足のかゆみを感じた時に思いつくのは水虫ですよね。
確かに足のかゆみの原因は水虫が引き起こしてる場合が多いです。
しかし、水虫に似た症状でかゆみを生じる皮膚病は他にもあります。
足の裏などに小さな白い水ぶくれが出来て、その皮膚が剥けるような時は汗疱の疑いがあります。
足の裏のあせものようなものです。
手や足に汗を多く人や、多汗症の人に多く見られます。
異汗性湿疹や掌蹠膿疱症(しょうせきのうほうしょう)といった水ぶくれとかゆみを伴う皮膚病もあるんです。

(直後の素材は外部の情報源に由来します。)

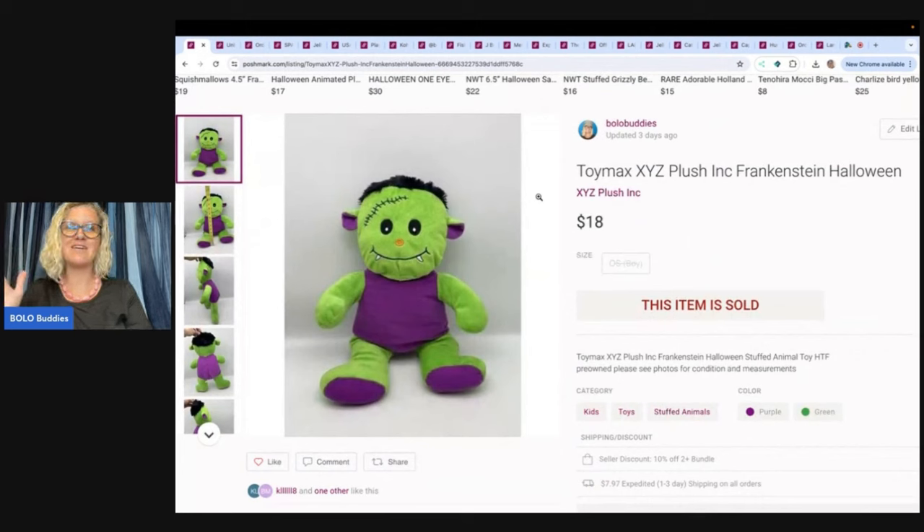Here's the first one. It is a stuffed animal. You can sell stuffed animals on Poshmark. If you're not doing it, you should be, because they sell. This little guy sold for $18, and on Poshmark the buyer pays shipping.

その他にも末梢神経障害などの病気の可能性もあります。
これらの皮膚病は水虫との区別がつきにくく、自己判断による誤った治療により悪化する可能性があります。
かゆみが長引く時は必ず早めに専門の医師の診察を受けましょう。
ここでは、足のかゆみの元となる水虫について説明し、その予防法も紹介しています。
水虫は白癬菌による感染症で、足に水疱・発赤・痛痒感を伴います。
角質が硬くなったり白っぽくなる角化型白癬と水疱がむける汗疱状白癬の2種類があります。
白癬菌は角質内部に侵食して定住します。
侵食が進んで皮下組織まで達した時に炎症を起こしてかゆみが発生します。
足白癬に感染しているからといって必ずしもかゆみを伴う訳ではありません。
ほとんど自覚症状が無くても感染していることもあります。
白癬菌の侵食スピードはとても速い為、自然治癒の可能性は低いです。
治療には市販の抗真菌薬などの使用も有効です。
白癬菌は奥まで浸透していることが多いので、症状がなくなっても1ヶ月位治療を続けることが大切です。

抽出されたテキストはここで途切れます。